**ACTIVITY:**
Write the listing out again word for word, excluding any pictures.

**MATERIAL PROVIDED:**
------------------------------

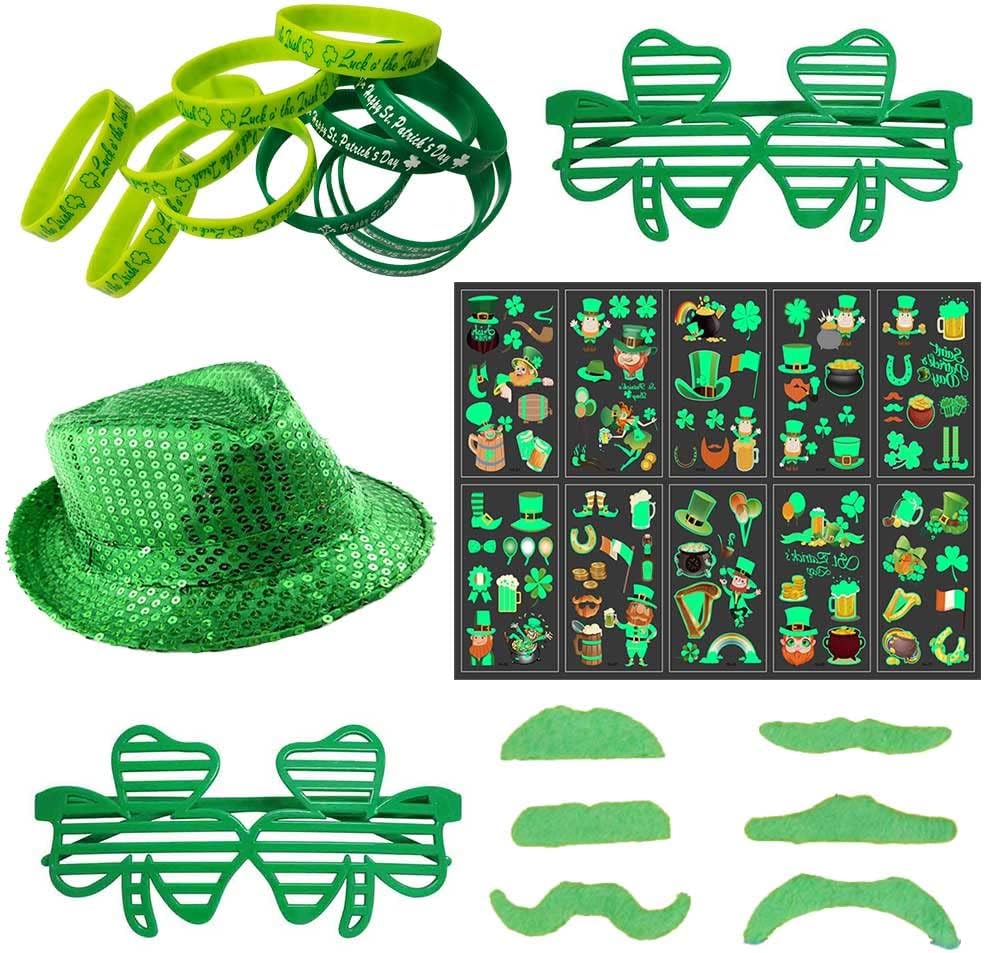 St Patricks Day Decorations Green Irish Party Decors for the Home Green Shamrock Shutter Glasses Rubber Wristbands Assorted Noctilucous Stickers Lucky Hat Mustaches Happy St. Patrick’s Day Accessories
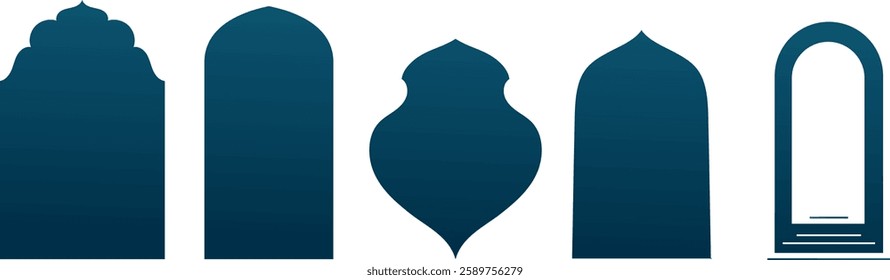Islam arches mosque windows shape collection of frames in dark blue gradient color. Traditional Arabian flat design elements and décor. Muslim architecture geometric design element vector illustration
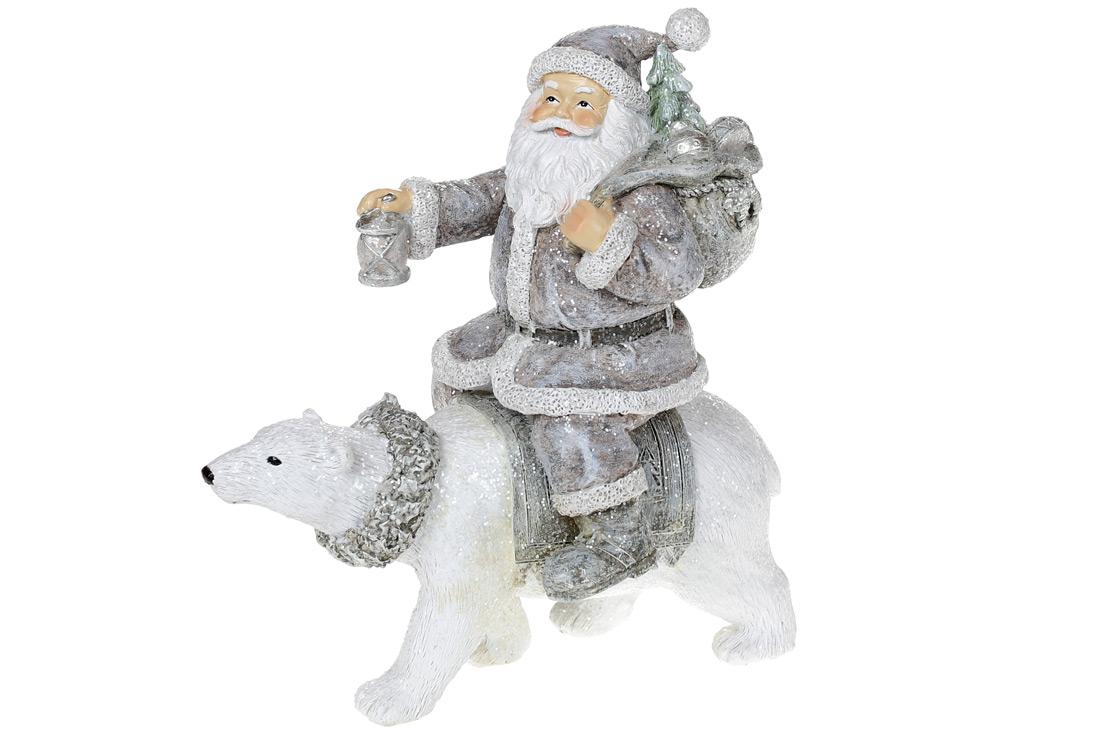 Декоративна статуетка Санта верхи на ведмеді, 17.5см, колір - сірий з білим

------------------------------

**EXERCISE RESULT:**
 St Patricks Day Decorations Green Irish Party Decors for the Home Green Shamrock Shutter Glasses Rubber Wristbands Assorted Noctilucous Stickers Lucky Hat Mustaches Happy St. Patrick’s Day Accessories
Islam arches mosque windows shape collection of frames in dark blue gradient color. Traditional Arabian flat design elements and décor. Muslim architecture geometric design element vector illustration
 Декоративна статуетка Санта верхи на ведмеді, 17.5см, колір - сірий з білим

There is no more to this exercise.